The challenge with this property would be that if access was not near by when it came time for us to retire, we would have to have supplies brought in via boat which can get expensive. Hubby said he wouldn't mind buying a large boat though if it helps


----------



## scarletgirl

*To my mind, if you can afford enough land to support a family in southern Ontario, yo*

If you want something VERY isolated, like mountains and don't mind a sturdy winter I would recommend this area. It's the closest Ontario comes to mountains and the climate is among the mildest on Lake Superior—which is not saying much! The rivers here are mostly so short they don't reach the roads and railroads (over 50 miles away) and so, should be about as pollution free as possible today.

each:


----------



## OptsyEagle

Most of the issues with water access cottages have been listed. A few others to think about. Obviously a water access means you need a boat. The best for this setup is a pontoon, since it is really a barge with cup holders. All good so far. Now you need to not only park your car while you are at the cottage, but you also need to park your boat while you are not at your cottage. If you can't find someone to let you use their land (good luck with that) then you need to buy waterfront land to enable this. You will have no security on the island property. It shouts seclusion to everyone including every vandal and theif around. That also goes for the car you leave behind on the mainland while you are at the cottage.

When I go to my cottage, I have a regular ritual of loading up the SUV with all the stuff (and it will always be a lot of stuff) for each weekend and then I get to unload it at my cottage. If water access was involved, this annoying chore would be doubled to include loading it on the boat and then off the boat, on top of loading it in your car and out of your car.

No electricity, probably no septic and probably no potable water so plan on adding a few 20 litre jugs to that load of stuff you get to load and unload 4 times. Don't worry.
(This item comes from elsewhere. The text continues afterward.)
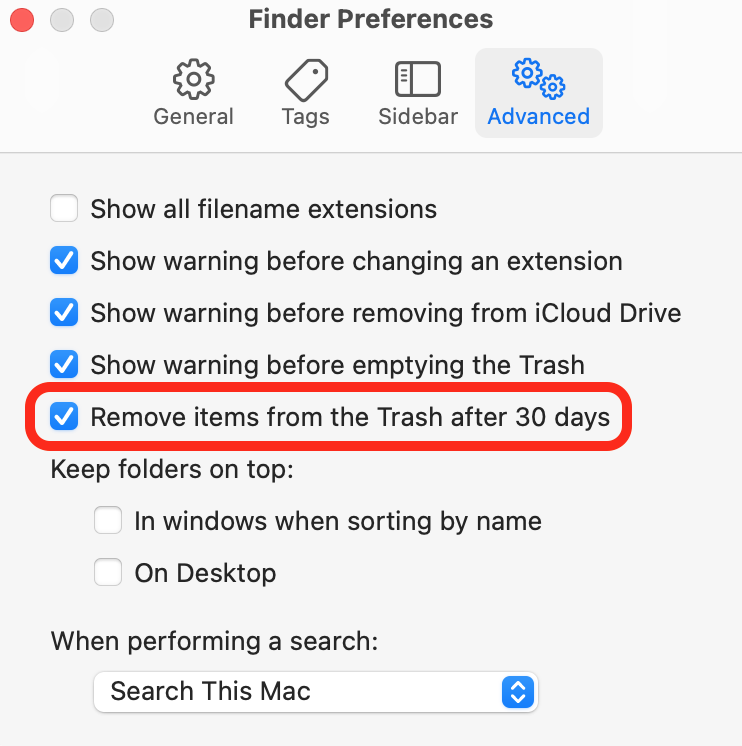 Set trash to automatically empty on Mac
A forty litre jug of water only weighs 44 lbs.

The next issue is water safety. Before I take my boat out on the water I like to be pretty sure that there are no catagory 5 hurricanes hitting shore at the time. If there is, I simply do not go out. If it is Sunday night or Monday morning and the weather is bad (wow, it was so beautiful on Friday when we got here) what are you going to do. Risk life and limb on the water or call in sick to work, again (or call in the work stranded if you prefer the honest route). Here the pontoon will come in handy, because they are almost unsinkable, but trust me, there are some bad weather days that you just do not want to be out in the open water, on.

Anyway, I could go on, but needless to say, an island cottage is usually just the mistake one makes before they buy the one they grow to really like. Of course there are exceptions to this, but there wouldn't be for me.


----------



## Four Pillars

Some great points Optsy. 

The fact is that most people who buy a water access property can't afford the other kind. I wouldn't call that a "mistake".
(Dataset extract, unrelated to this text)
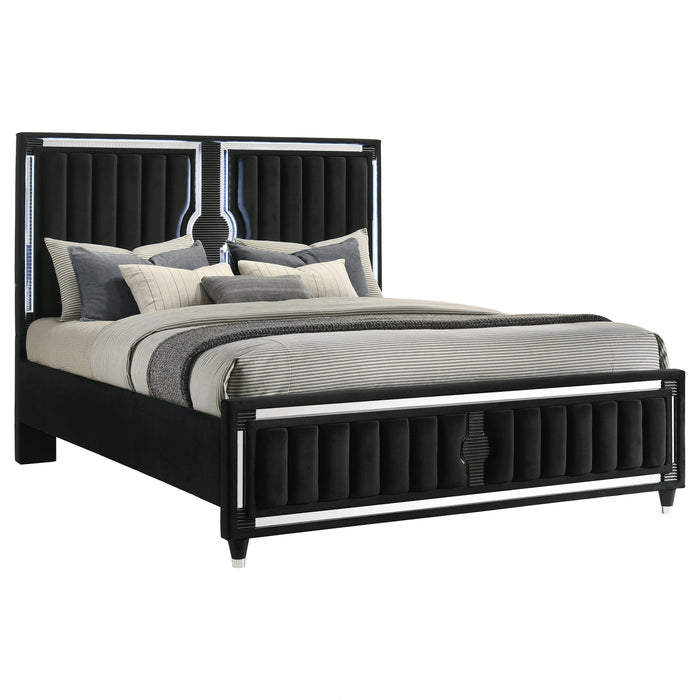 Ravenne Velvet Upholstered LED Panel Bed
Also - nobody buys waterfront land in order to park their boat. This defeats the savings on their cheaper water-access cottage. You should be able to park at a nearby marina.


----------



## MoneyGal

My water-access cottage has a dock built and maintained by the cottagers' association. We don't have a barge, but you can rent a barge (for an absurdly low price) as required. We have electricity but no septic (although septic could be put in) and we have a landline phone. Cell reception is also very good at the lake - I just spent a week there and used my phone as a hotspot to work. 

The pluses? Only five cottages on the whole lake - so very very secluded, but less than five minutes' boat ride (at a very moderate speed) from the dock. 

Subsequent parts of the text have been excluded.